Após olhar com calma para o chão que mais parecia algodão, olhar ao redor e ver um cidadão com um longo par de asas brancas passar voando por cima da fila, a mensagem foi finalmente captada… “Morri”.

“Devia ter largado o cigarro”, pensava ele, como se fizesse um cálculo matemático com os hábitos que tinha em vida para tentar entender a morte. “Ah… Aquele torresmo com cervejinha… Só pode ter sido o torresmo”, insistia. Mas ali, perdido em pensamentos entre tentar lembrar da morte e assimilar as suas causas, que uma voz lhe tira do transe.

- Seu Nicolau - Acenava um homem logo mais adiante da fila tentando alcançá-lo.

“Será que nem na morte eu tenho sossego?”, pensou. O homem que se aproximava era o vizinho, Seu Omar, com quem nunca se deu bem e que por coincidência do destino, morreu no mesmo dia. A desavença entre os dois já era coisa antiga, desde o colégio onde disputaram a mesma garota.

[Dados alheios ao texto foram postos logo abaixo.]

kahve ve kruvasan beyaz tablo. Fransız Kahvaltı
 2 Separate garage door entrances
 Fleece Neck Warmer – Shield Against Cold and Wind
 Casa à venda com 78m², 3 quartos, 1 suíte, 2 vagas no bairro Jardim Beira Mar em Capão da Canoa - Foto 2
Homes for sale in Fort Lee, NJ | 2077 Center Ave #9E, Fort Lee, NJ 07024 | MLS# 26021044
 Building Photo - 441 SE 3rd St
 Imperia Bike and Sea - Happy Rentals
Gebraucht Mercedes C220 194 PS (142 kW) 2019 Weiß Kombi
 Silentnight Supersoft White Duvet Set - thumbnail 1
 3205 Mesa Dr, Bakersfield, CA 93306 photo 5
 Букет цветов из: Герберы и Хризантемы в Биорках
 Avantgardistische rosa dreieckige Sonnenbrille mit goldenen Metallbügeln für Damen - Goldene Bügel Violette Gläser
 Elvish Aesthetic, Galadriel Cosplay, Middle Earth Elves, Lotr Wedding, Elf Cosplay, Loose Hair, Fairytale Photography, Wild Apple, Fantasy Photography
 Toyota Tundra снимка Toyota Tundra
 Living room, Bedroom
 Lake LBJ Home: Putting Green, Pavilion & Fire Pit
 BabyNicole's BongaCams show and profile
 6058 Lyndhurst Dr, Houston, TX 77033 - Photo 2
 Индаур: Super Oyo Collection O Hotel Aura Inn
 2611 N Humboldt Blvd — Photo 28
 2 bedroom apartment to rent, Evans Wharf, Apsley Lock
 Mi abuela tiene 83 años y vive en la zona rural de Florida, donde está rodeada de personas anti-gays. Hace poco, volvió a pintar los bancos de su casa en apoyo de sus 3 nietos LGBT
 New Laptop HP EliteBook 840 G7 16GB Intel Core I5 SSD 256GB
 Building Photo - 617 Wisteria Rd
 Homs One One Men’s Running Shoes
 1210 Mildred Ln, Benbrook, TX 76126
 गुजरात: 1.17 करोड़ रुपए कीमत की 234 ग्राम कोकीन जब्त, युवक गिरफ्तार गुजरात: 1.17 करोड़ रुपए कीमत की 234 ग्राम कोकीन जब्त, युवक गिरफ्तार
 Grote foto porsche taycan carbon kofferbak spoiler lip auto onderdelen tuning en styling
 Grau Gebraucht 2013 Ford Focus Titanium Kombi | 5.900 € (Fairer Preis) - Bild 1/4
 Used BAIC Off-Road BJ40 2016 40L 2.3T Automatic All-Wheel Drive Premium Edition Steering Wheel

Depois, por acaso, viraram vizinhos e no primeiro final de semana de futebol já descobriram mais desavenças, um era Gremista e o outro era Colorado. Por fim, com o avanço da tecnologia em crises familiares, a política foi o fator para levar a desavença à beira de uma guerra, afinal Seu Omar era fã do Lula e Nicolau era fanático pelo Bolsonaro.

- Ué, Omar, o que está fazendo aqui? - Disse Nicolau, ficando de cara fechada.

- O que te parece? Morri.

- Sim, isso estou notando, mas ainda não entendi - Insiste.

- Acho que foi um ataque cardíaco fulminante enquanto assistia ao noticiário - explica Omar.

- Sim, mas não entendi porque você está na fila para entrar no céu, seu comunista - fala Nicolau, aumentando o tom.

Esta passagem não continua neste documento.